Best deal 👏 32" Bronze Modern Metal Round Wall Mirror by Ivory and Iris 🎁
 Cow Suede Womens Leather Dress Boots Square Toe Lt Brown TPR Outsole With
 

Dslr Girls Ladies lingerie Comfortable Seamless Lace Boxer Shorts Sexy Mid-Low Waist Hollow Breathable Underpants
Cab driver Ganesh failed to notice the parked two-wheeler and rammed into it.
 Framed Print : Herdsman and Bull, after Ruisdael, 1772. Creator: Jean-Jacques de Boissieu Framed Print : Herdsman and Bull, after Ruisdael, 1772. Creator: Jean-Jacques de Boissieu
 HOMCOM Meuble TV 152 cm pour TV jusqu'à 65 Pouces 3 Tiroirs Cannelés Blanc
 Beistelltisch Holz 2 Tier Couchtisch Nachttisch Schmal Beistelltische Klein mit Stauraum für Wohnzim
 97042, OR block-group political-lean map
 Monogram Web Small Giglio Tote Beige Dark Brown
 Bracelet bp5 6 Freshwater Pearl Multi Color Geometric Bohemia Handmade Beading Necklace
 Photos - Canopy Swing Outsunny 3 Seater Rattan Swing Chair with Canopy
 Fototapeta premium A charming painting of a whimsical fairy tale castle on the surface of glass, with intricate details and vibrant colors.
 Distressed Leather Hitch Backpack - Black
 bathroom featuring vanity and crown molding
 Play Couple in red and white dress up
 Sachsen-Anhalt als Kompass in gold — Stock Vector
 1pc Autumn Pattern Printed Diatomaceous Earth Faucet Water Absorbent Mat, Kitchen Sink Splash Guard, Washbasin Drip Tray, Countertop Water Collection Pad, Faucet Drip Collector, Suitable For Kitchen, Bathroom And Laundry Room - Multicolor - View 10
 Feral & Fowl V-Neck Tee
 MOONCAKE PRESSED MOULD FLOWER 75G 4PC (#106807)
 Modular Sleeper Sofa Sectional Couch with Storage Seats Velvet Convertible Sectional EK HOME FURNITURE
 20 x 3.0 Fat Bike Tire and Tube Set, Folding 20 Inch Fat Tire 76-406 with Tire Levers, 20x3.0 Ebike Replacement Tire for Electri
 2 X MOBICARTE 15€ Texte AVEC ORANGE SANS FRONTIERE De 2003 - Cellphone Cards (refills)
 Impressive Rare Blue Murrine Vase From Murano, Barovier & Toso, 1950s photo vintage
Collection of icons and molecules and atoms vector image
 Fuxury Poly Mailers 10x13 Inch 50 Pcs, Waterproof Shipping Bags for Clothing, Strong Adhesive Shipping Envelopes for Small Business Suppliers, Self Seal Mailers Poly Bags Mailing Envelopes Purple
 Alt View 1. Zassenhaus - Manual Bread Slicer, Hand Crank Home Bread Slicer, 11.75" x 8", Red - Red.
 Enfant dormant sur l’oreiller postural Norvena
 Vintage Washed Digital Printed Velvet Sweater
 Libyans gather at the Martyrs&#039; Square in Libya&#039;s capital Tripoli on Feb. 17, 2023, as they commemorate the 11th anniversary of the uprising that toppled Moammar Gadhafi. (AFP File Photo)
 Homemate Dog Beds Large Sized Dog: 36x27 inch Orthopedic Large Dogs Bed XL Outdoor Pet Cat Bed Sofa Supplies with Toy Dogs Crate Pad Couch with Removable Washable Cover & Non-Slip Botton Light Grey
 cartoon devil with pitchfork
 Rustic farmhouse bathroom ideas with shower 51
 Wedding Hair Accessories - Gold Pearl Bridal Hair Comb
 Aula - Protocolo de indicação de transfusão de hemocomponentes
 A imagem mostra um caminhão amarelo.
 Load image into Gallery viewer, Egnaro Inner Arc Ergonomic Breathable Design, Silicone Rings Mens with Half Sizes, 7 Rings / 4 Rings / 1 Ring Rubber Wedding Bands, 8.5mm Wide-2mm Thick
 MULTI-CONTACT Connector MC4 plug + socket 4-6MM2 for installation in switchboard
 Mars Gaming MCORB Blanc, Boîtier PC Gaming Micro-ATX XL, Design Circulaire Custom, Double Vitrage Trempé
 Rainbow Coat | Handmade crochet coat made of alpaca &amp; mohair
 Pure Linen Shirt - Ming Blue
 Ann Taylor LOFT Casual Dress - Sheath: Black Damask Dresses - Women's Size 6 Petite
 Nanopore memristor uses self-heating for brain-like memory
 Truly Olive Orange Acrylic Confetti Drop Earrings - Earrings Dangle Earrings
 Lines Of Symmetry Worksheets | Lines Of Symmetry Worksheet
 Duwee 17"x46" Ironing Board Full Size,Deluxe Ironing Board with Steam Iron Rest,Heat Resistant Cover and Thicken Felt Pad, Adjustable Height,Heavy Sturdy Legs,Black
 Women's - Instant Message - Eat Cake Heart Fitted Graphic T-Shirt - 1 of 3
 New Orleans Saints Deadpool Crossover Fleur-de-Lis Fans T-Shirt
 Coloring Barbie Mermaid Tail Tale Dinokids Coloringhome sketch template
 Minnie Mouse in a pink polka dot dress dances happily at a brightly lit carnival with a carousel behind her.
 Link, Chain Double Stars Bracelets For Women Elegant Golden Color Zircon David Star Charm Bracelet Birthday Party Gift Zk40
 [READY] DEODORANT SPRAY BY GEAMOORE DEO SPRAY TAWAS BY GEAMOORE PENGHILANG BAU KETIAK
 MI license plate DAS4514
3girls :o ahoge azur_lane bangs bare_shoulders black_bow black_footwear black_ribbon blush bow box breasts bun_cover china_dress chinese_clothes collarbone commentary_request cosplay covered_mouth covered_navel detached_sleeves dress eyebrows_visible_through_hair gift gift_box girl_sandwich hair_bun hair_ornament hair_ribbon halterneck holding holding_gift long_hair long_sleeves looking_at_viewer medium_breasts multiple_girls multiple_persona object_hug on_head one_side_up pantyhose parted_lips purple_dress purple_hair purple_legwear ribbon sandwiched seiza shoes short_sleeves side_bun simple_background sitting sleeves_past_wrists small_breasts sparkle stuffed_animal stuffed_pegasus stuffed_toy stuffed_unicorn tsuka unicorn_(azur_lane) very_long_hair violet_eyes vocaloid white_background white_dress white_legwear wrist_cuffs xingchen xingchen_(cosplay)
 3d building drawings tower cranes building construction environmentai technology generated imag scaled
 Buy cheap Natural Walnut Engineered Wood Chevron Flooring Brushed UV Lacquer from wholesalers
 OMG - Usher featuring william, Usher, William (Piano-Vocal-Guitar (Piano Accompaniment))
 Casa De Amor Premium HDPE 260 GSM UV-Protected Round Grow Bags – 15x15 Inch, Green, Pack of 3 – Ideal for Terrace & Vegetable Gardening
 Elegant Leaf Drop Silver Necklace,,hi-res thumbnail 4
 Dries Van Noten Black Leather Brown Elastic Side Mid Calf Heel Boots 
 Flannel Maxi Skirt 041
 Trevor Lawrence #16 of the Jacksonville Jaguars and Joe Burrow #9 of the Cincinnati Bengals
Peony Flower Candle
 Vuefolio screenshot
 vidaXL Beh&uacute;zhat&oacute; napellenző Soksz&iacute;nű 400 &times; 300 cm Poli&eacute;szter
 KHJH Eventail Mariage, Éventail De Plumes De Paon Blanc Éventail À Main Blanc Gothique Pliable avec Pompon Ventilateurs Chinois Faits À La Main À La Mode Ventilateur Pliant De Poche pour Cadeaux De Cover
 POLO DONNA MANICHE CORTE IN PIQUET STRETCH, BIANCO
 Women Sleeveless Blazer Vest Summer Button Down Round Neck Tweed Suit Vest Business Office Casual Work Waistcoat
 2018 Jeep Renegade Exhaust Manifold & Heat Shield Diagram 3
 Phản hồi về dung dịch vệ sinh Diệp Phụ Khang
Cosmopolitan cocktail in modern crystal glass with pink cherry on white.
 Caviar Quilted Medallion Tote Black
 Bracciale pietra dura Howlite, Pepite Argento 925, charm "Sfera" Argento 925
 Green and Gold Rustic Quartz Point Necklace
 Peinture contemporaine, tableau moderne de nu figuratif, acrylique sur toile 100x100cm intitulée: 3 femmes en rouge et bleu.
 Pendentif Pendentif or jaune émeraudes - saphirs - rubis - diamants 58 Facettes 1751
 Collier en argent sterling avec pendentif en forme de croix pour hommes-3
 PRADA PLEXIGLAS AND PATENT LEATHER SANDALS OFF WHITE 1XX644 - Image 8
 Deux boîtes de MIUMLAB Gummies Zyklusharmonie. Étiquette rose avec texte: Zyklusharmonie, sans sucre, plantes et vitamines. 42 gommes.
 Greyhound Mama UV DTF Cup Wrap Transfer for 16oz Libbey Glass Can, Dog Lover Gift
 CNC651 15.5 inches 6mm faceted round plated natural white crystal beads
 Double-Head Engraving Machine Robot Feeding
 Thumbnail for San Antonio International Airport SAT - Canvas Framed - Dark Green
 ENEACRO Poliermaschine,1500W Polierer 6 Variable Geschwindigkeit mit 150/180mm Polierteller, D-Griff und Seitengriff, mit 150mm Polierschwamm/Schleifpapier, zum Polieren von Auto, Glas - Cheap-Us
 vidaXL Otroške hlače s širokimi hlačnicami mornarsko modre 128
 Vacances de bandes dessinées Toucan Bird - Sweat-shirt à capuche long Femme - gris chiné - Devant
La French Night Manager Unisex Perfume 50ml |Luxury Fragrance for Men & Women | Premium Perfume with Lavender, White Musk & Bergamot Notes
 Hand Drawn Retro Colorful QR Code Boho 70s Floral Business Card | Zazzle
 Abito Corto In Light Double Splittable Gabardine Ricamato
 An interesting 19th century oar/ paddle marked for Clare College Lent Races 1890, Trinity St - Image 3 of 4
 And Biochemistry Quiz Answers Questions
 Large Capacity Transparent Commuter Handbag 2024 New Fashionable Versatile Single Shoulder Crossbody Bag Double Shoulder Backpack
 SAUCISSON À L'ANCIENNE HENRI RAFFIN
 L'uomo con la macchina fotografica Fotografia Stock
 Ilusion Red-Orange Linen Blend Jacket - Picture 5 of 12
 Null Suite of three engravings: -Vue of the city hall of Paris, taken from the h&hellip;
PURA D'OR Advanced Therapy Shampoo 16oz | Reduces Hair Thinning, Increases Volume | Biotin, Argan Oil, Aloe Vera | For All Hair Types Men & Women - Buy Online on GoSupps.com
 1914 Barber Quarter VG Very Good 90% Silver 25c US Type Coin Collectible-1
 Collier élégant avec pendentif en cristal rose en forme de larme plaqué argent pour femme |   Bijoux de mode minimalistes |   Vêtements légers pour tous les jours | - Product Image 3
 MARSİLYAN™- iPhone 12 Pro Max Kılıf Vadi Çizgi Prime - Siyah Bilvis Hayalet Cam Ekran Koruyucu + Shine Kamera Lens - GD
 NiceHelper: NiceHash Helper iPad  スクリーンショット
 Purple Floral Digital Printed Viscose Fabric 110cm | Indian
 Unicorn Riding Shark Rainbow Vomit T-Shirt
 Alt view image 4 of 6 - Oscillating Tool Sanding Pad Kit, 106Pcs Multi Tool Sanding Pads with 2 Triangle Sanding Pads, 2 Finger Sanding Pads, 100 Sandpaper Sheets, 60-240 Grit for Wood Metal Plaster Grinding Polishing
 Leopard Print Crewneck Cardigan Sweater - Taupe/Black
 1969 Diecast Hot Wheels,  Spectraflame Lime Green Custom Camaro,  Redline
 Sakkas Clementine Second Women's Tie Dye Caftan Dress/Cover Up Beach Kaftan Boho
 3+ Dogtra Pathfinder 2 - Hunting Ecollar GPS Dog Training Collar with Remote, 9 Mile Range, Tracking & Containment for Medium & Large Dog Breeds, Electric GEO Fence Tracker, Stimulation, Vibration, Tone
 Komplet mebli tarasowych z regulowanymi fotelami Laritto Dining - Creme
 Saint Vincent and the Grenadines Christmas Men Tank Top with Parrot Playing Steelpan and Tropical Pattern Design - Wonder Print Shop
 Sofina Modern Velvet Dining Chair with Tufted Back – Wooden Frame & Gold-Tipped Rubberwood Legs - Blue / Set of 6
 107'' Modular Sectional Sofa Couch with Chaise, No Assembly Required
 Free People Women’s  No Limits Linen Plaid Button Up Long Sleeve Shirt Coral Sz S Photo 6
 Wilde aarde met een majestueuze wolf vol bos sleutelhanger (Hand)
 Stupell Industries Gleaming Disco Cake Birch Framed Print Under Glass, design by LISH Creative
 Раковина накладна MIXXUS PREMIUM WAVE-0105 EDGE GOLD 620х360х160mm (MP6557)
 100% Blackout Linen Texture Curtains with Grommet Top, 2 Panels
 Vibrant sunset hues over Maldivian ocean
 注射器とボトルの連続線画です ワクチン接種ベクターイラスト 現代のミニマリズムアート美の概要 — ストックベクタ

Problem to work on: Reproduce word for word the material above, beginning with the line that contains "Phản hồi về dung dịch vệ sinh Diệp Phụ Khang" and ending with the line that contains "And Biochemistry Quiz Answers Questions".

Answer:
 Phản hồi về dung dịch vệ sinh Diệp Phụ Khang
Cosmopolitan cocktail in modern crystal glass with pink cherry on white.
 Caviar Quilted Medallion Tote Black
 Bracciale pietra dura Howlite, Pepite Argento 925, charm "Sfera" Argento 925
 Green and Gold Rustic Quartz Point Necklace
 Peinture contemporaine, tableau moderne de nu figuratif, acrylique sur toile 100x100cm intitulée: 3 femmes en rouge et bleu.
 Pendentif Pendentif or jaune émeraudes - saphirs - rubis - diamants 58 Facettes 1751
 Collier en argent sterling avec pendentif en forme de croix pour hommes-3
 PRADA PLEXIGLAS AND PATENT LEATHER SANDALS OFF WHITE 1XX644 - Image 8
 Deux boîtes de MIUMLAB Gummies Zyklusharmonie. Étiquette rose avec texte: Zyklusharmonie, sans sucre, plantes et vitamines. 42 gommes.
 Greyhound Mama UV DTF Cup Wrap Transfer for 16oz Libbey Glass Can, Dog Lover Gift
 CNC651 15.5 inches 6mm faceted round plated natural white crystal beads
 Double-Head Engraving Machine Robot Feeding
 Thumbnail for San Antonio International Airport SAT - Canvas Framed - Dark Green
 ENEACRO Poliermaschine,1500W Polierer 6 Variable Geschwindigkeit mit 150/180mm Polierteller, D-Griff und Seitengriff, mit 150mm Polierschwamm/Schleifpapier, zum Polieren von Auto, Glas - Cheap-Us
 vidaXL Otroške hlače s širokimi hlačnicami mornarsko modre 128
 Vacances de bandes dessinées Toucan Bird - Sweat-shirt à capuche long Femme - gris chiné - Devant
La French Night Manager Unisex Perfume 50ml |Luxury Fragrance for Men & Women | Premium Perfume with Lavender, White Musk & Bergamot Notes
 Hand Drawn Retro Colorful QR Code Boho 70s Floral Business Card | Zazzle
 Abito Corto In Light Double Splittable Gabardine Ricamato
 An interesting 19th century oar/ paddle marked for Clare College Lent Races 1890, Trinity St - Image 3 of 4
 And Biochemistry Quiz Answers Questions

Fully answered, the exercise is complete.